I personally prefer when documenting a stable API, to make basic diagram (not formal like UML) explaining the flow of the data between the interfaces, a few key relationships and key processes. Just something that gets the general picture for my users. Much friendlier.
Thanks for the explanation. While I wasn't focusing on that part, the transient buffers make more sense to me now from a synchronization standpoint. When you talk about creating a default buffer, do you mean I should try to have as much as possible of my non-dynamic streaming data stored within a single buffer, and the pool refers to the staging buffers?
Yes. Immutable if possible.
I would think with level streaming, it would be risky to implement a single fixed capacity on the live buffer(s), so pool-type management for the live buffers would be useful too. For example, when streaming in a new package, the loader knows exactly how much capacity it will require, and can grab how ever many buffers it needs from the pool of unused buffers. Likewise as a level is streamed out, the buffers are no longer needed and are added back into the pool of unused buffers. Maybe I'm over complicating things. I definitely see the benefit of staging buffers for updating dynamic data, but I guess it's not as clear for the case of loading in a large amount of streaming data (not behind a loading screen).
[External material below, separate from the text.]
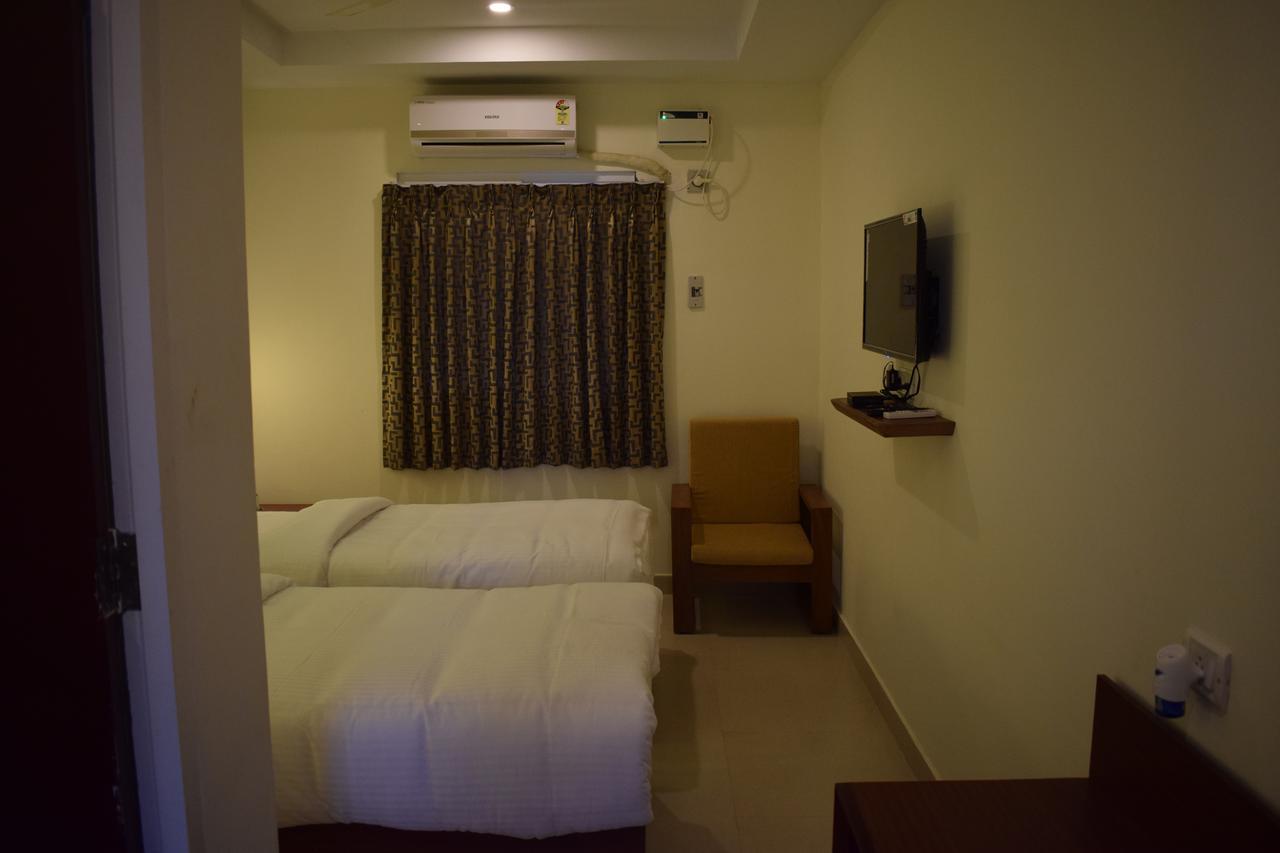 Ak Sea View Residency Hotel Pondicherry Room photo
The problem is that you're trying to build a car that runs over roads, can submerge into the ocean, fly across the sky, is also capable of travelling into outer space; and even intergalactic travel (and God only knows what you'll find!).
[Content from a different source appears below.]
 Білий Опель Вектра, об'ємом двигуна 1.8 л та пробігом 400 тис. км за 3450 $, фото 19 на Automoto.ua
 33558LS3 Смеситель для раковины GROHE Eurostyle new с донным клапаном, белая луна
You will want to keep everything together into one single buffer (or a couple of them) to reduce switching buffers at runtime while rendering.
From a streaming perspective, it depends how you organize your data. i.e. some games divide a level into "sections" and force the gameplay to go through corridors, and while you run through these corridors, start streaming the data to the GPU (Gameplay like Tomb Raider, Castlevania Lord Of Shadows, fits this use case). In this scenario, each "section" could be granted it's own buffer. You already know the size required for each buffer. And if you page the buffer out, you know if it can be permanent (i.e. can the player go back?) or use some heuristic (i.e. after certain distance from that section, schedule the buffer for deletion, but don't do it if you don't need it, i.e. you still got lot of spare GPU RAM). You may even get away with immutable buffers in this case.
Second, you can keep an adjustable pool of immutable/default buffers based on size and regions. Remember you're not going into the unknown depths of the ocean or into the unknowns of a distant galaxy. You know the level that is going to be streamed. You know its size in megabytes, in kilometers, its number of vertices, how it's going to be used, how many materials it needs etc. You know how each section gets connected with each section (e.g. if F can only be reached from A, put it in its own buffer, and the player is likely to not return to F very often once it has been visited).
You have a lot of data at your disposal.
Open World games are trickier, but it's the same concept (divide the region into chunks that has some logic behind it, i.e. spatial subdivision, and start from there). Open World usually have a very low poly model of the whole scene to use until the higher quality data has been streamed.
My advice, algorithms are supposed to solve a problem. An engine solves problems. The answer on how to design your engine will be clearer if you approach the problem instead of trying to solve a problem you know nothing about. Try to make a simple game. Even a walking cube moving across cardboard city (open world) or pipe-land (corridor-based loading) should be enough.
Stop thinking on how to write the solution and start thinking on how to solve the problem. After that, how to write the solution will appear obvious.
That presentation is basically l33t speech for "how to fool the driver and hit no stalls until DX12 arrives".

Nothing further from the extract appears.